Annie Greene, a registered nurse and lactation consultant (IBCLC) who works at Georgetown University Hospital as well as in private practice, says that the families she’s seen are “pretty desperate” to take home as many ready-to-feed bottles as they can and that families are more likely to want to breastfeed in the hospital setting due to the uncertainty of formula availability. But Greene isn’t surprised to see the shortage being politicized.
“Feeding babies is always politicized, to be honest. There is such little postpartum support after discharge in general, lactation consultants are few and far between (there’s only about 30K of us globally), and lots of babies need some supplementation even when mostly or eventually exclusively breastfeeding, so it’s never a question of choosing breast or formula to me,” Greene told Jezebel. “What’s scary is the families who are working toward exclusive breastfeeding or combination feeding and do need that supplementation can’t get it and are panicking. The other option is donor milk, which is hard to get without a prescription from a pediatrician and quite expensive.”
Greene also isn’t surprised to hear that other parents are blindly suggesting that parents simply breastfeed more, based on the trans-exclusive “Breast is best” command. But pregnant people often can’t lactate for a number of medical reasons including physical discomfort, lack of weight gain, extended NICU stays, past sexual trauma, or even preference.

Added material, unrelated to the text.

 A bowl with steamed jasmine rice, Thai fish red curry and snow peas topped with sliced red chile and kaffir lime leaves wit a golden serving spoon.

Greene supplemented her own kid with formula after she went back to work as a nurse because she didn’t have time to pump as much as she needed to, adding that formula can be “truly life saving and necessary” even for breastfeeding families.

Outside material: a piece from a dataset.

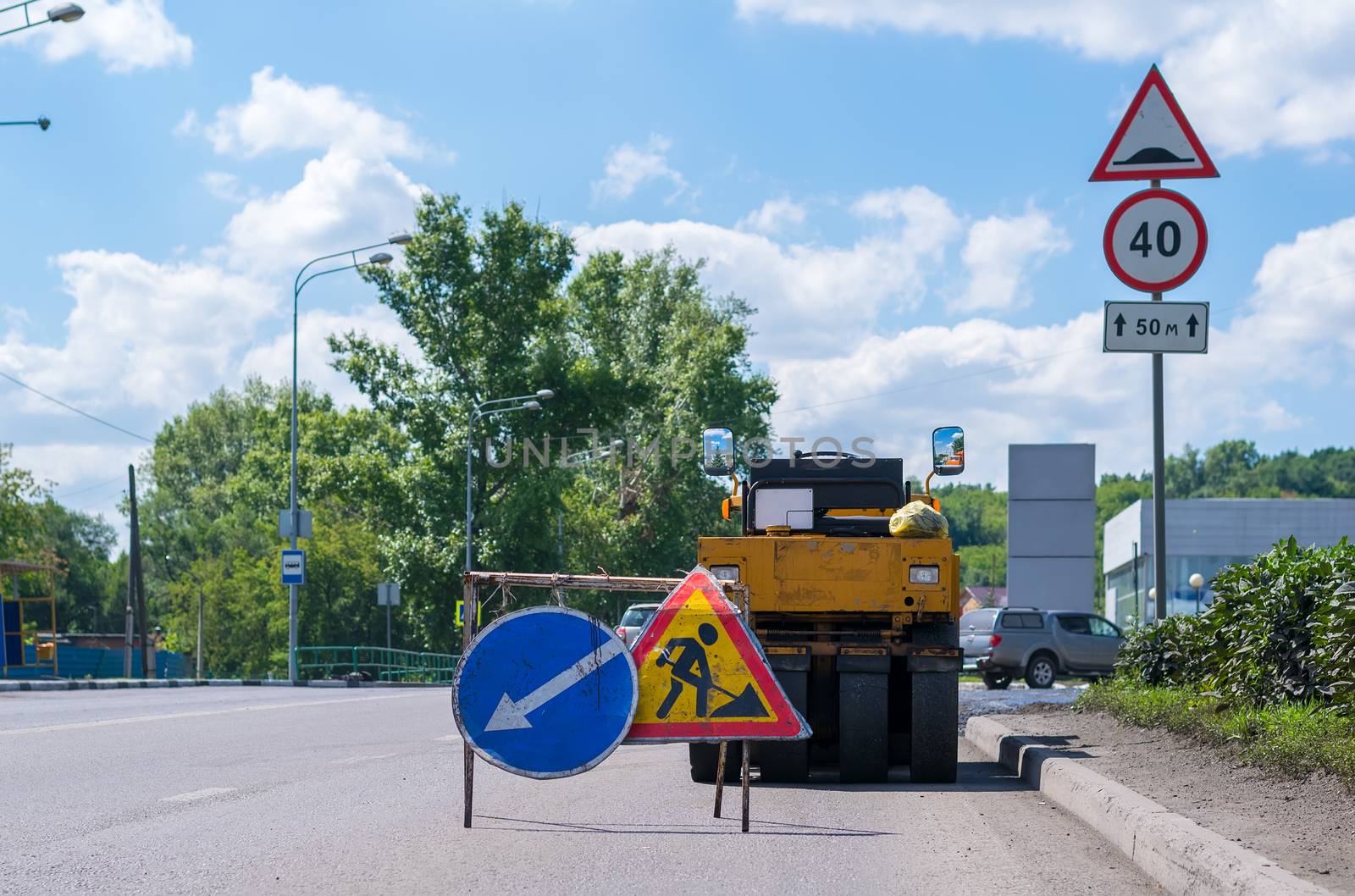 Signs stop, detour, road repair on the highway and road techniques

Lydia Page, another new mom in the New York area, says the current shortage has struck an obvious nerve amongst an already frantic and judgmental group of parents who insist that breastfeeding is the only way forward. “Breastfeeding isn’t easy and isn’t a viable option for a lot of caregivers. The assumption that someone can simply switch to breastfeeding to deal with the formula shortage is insane, and the way moms are shamed for not breastfeeding—my god! I’m telling you, these people are feral,” Page told Jezebel. “I do think this happening right now as we’re watching Roe and abortion access crumble is so telling—insisting that every pregnancy must be carried to term while we have practically no support for families when the babies arrive.”
Low-income parents, as always, are bearing the brunt of the impact, while conservatives fan anti-trans flames around pregnancy and breastfeeding. But this formula shortage is far more than just a political flashpoint: It’s horrifying proof that widespread support for women and parents is still nearly nonexistent. The reality is that parents and pregnant people, who’ve already been through far too much over the course of the pandemic, are suffering as they do everything in their power to feed their children, while the people elected to represent them squabble amongst themselves. Parenthood has long been minimized as the easy route, but mothering, including breastfeeding, requires dedication, consistency, and creativity: In other words, breastfeeding is labor. And it seems as though no one gives a fuck that the responsibility of this bout of food scarcity is, yet again, becoming women’s problem alone to solve.
Despite what all the Mother’s Day cards might say, parents aren’t superheroes. Like normal people, they need help raising a family, and they don’t seem to be getting help any time soon.